A este ponto, faz-se mister, agora que o herói se foi, contar
história passada, do tempo em que eu era entrante na “pior idade” e minha casa,
ao invés desta tristeza infinita, era um dar sem conta de festas e gargalhadas.
Para começar, preciso dizer que temos amiga, de todo coração, que vem desde a
época de nós solteiros. Ela viajou todo este tempo conosco e, agora mesmo, está
lá em casa, cuidando de minha esposa, recém-chegada da UTI, para onde foi parar
pelo seu irremovível amor pelo cigarro. Mas, a história não é desta amiga, que
papel não há para escrever sobre ela, tanto a devo em carinho e abnegação. Isto
sem falar do reconhecimento, que não saberia dizer, por falta de engenho e
arte. Daí que esta amiga tinha um pai, à época, batendo os 70. Homem simples,
abundante em caráter e parco, em recursos materiais. Absolutamente fiel à
esposa, mas a queria, todos os dias, às vezes, mais de uma vez. Até que a
esposa, também avançada em anos, cansou-se de tanto querer e até o liberou para distantes quereres. Ele disse
não, pois “só a ela por premio pretendia”. Ela inventou pretextos para
mantê-lo à distância e ele, lança em riste, queria combater o superlativo
combate. Certa noite, quando caía chuva diluviana, recebíamos amigos para
conversa e bebida fartas. Lá pelas tantas, nossos cachorros – melhor campainha
não há – latem, prontos para o ataque. Chego à janela e vejo, parado defronte
ao portão, um senhor, austeramente vestido, sob guarda-chuva, tímido protetor.
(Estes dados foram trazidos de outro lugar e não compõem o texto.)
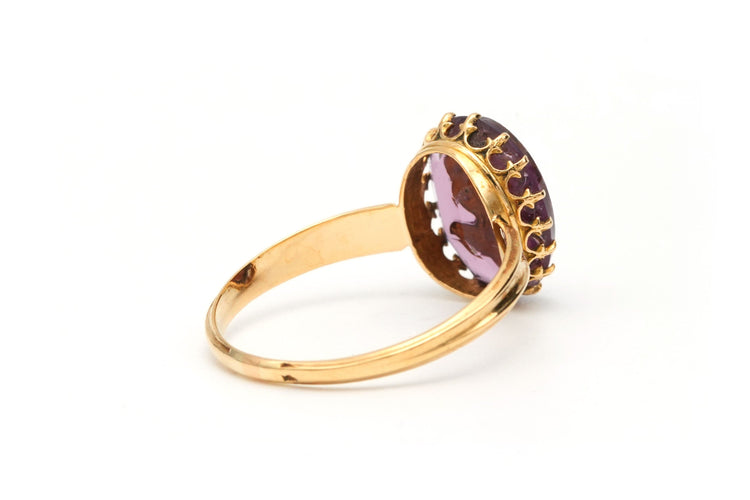 Bague 54 Bague Napoléon III en or jaune sertie d'une améthyste et de perles 58 Facettes 22202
Demoro a reconhecer o pai da minha amiga e, quando consigo, introduzo-o a meu
então escritório, na parte inferior da casa. Ofereço-lhe toalha para secar o
que fosse possível e pergunto o que posso fazer por ele, em hora tão tardia,
debaixo daquele aguaceiro. Depois de alguns momentos de indescritível constrangimento, ele diz a que veio: precisa
de urgente e eficaz medida judicial para compelir a esposa a cumprir o “debitum conjugale” que, a juízo dele,
devia ser cumprido, pelo menos, uma vez ao dia. Tomado por indisfarçável
inveja, sugeri-lhe que esquecesse a via judicial, sempre lenta e ineficaz, e procurasse o caminho da sedução, talvez
rosas brancas, para o amor comedido, ou vermelhas, para o amor ardente.
Vermelhas, resolveu ele, mas onde encontrá-las, já, naquela noite, que o ardor
não podia esperar? Lembrei-me das floriculturas do Largo do Arouche, que, à
época, atravessavam a madrugada. Coloquei-o no carro e o levei até lá. Depois,
flores colhidas, deixei-o à porta de seu prédio, desejando-lhe boa-sorte.
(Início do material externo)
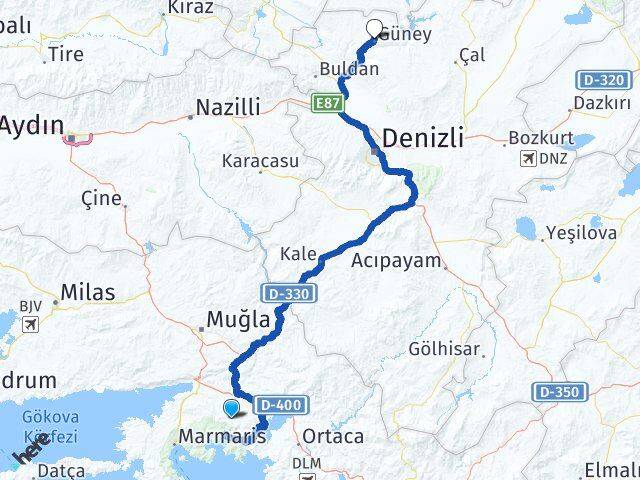 Muğla Güney Denizli Arası Kaç Km - Yol Haritası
Aventura esquecida, na segunda feira seguinte, estava eu debruçado sobre a
habitual monotonia, quando, de surpresa, recebo a visita de meu herói. Traz-me
uma garrafa de vinho e sorriso aberto, como a me dizer que a amada “se abriu”, diante das rosas.
Quando ele morreu, ela, finalmente, descansou, em paz. Tempos
depois, também morreu ela, de saudade, talvez.